Your instructions:
For the entries below, the expected answer is the line with "to maintain a", the line with "injected by the", and every line between them, exactly as written, and nothing more.

Raw data:

*** Block opens ***

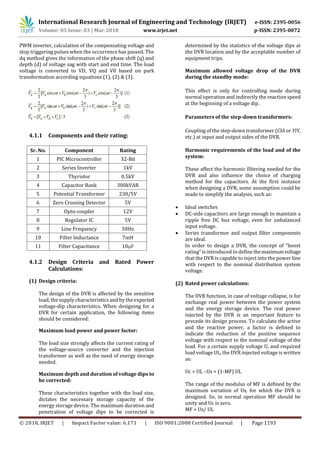 International Research Journal of Engineering and Technology (IRJET) e-ISSN: 2395-0056
Volume: 05 Issue: 03 | Mar-2018 www.irjet.net p-ISSN: 2395-0072
© 2018, IRJET | Impact Factor value: 6.171 | ISO 9001:2008 Certified Journal | Page 1193
PWM inverter, calculation of the compensating voltage and
stop triggering pulses when the occurrence has passed. The
dq method gives the information of the phase shift (q) and
depth (d) of voltage sag with start and end time. The load
voltage is converted to VD, VQ and V0 based on park
transformation according equations (1), (2) & (3).
4.1.1 Components and their rating:
Sr. No. Component Rating
1 PIC Microcontroller 32-Bit
2 Series Inverter 1kV
3 Thyristor 0.5kV
4 Capacitor Bank 300kVAR
5 Potential Transformer 230/5V
6 Zero Crossing Detector 5V
7 Opto-coupler 12V
8 Regulator IC 5V
9 Line Frequency 50Hz
10 Filter Inductance 7mH
11 Filter Capacitance 10μF
4.1.2 Design Criteria and Rated Power
Calculations:
(1) Design criteria:
The design of the DVR is affected by the sensitive
load, the supply characteristicsand by the expected
voltage-dip characteristics. When designing for a
DVR for certain application, the following items
should be considered:
Maximum load power and power factor:
The load size strongly affects the current rating of
the voltage-source converter and the injection
transformer as well as the need of energy storage
needed.
Maximum depth and duration of voltage dips to
be corrected:
These characteristics together with the load size,
dictates the necessary storage capacity of the
energy storage device. The maximum duration and
penetration of voltage dips to be corrected is
determined by the statistics of the voltage dips at
the DVR location and by the acceptable number of
equipment trips.
Maximum allowed voltage drop of the DVR
during the standby mode:
This effect is only for controlling mode during
normal operation and indirectly the reaction speed
at the beginning of a voltage dip.
Parameters of the step-down transformers:
Coupling of the step-down transformer (CIA or YIY,
etc.) at input and output sides of the DVR.
Harmonic requirements of the load and of the
system:
These affect the harmonic filtering needed for the
DVR and also influence the choice of charging
method for the capacitors. At the first instance
when designing a DVR, some assumption could be
made to simplify the analysis, such as:
 Ideal switches
 DC-side capacitors are large enough to maintain a
ripple free DC bus voltage, even for unbalanced
input voltage.
 Series transformer and output filter components
are ideal.
In order to design a DVR, the concept of “boost
rating” is introduced to define themaximumvoltage
that the DVR is capable to inject into the power line
with respect to the nominal distribution system
voltage.
(2) Rated power calculations:
The DVR function, in case of voltage collapse, is for
exchange real power between the power system
and the energy storage device. The real power
injected by the DVR is an important feature to
precede its design process. To calculate the active
and the reactive power, a factor is defined to
indicate the reduction of the positive sequence
voltage with respect to the nominal voltage of the
load. For a certain supply voltage U, and required
load voltage UL, the DVR injected voltage is written
as:
Uc = UL –Us = (1-MF) UL
The range of the modulus of MF is defined by the
maximum variation of Us, for which the DVR is
designed. So, in normal operation MF should be
unity and Uc is zero.
MF = Us/ UL
 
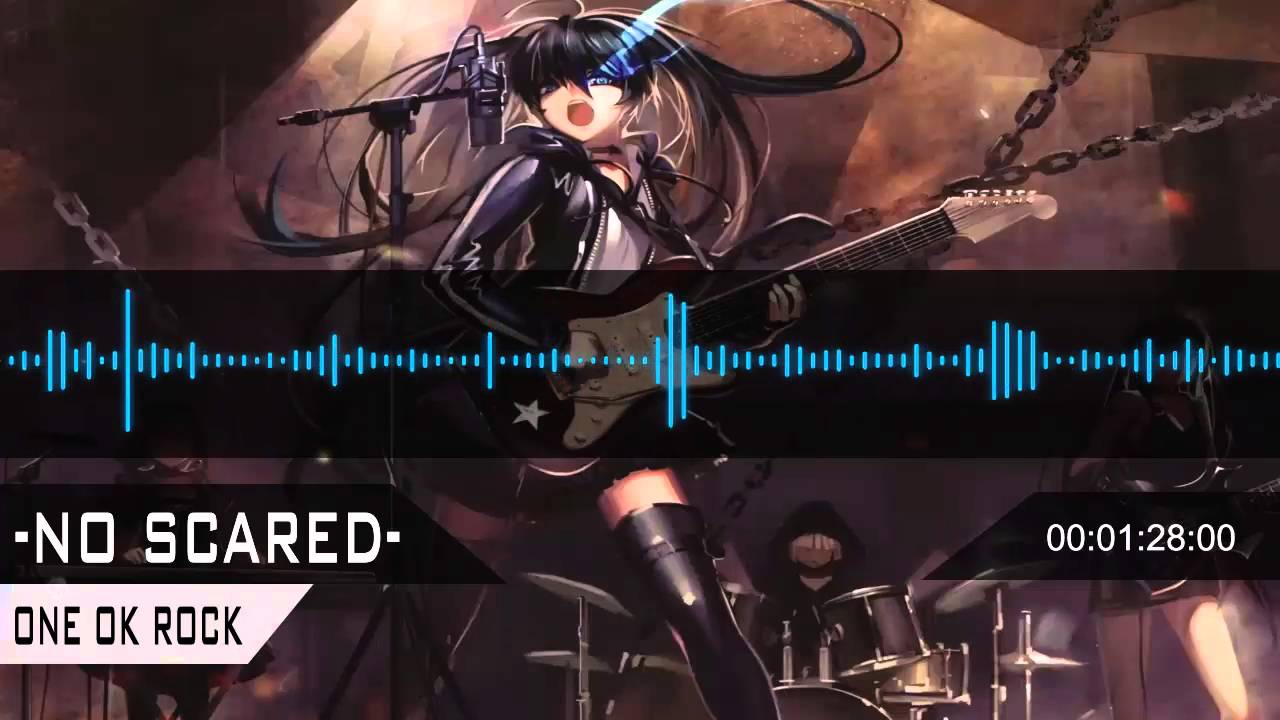 【Nightcore】ONE OK ROCK - NO SCARED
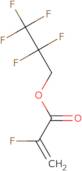 2-Fluoro-2-propenoic aci 2,2,3,3,3-pentafluoropropyl ester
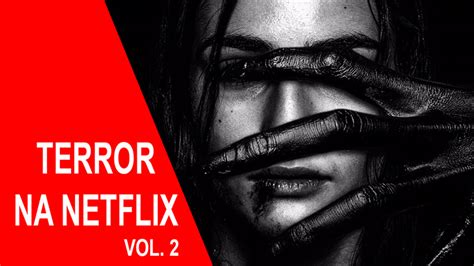 7 Filmes De Terror Para Assistir Agora Na Netflix Vol 2 Sangue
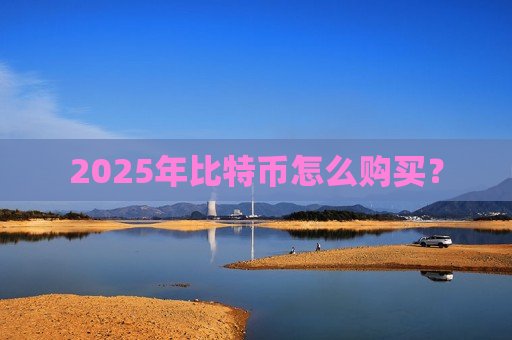 2025年比特币怎么购买?-第1张图片-币圈网 2025年比特币怎么购买?-第1张图片-币圈网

*** Block closes ***

Reply to the exercise:
 DC-side capacitors are large enough to maintain a
ripple free DC bus voltage, even for unbalanced
input voltage.
 Series transformer and output filter components
are ideal.
In order to design a DVR, the concept of “boost
rating” is introduced to define themaximumvoltage
that the DVR is capable to inject into the power line
with respect to the nominal distribution system
voltage.
(2) Rated power calculations:
The DVR function, in case of voltage collapse, is for
exchange real power between the power system
and the energy storage device. The real power
injected by the DVR is an important feature to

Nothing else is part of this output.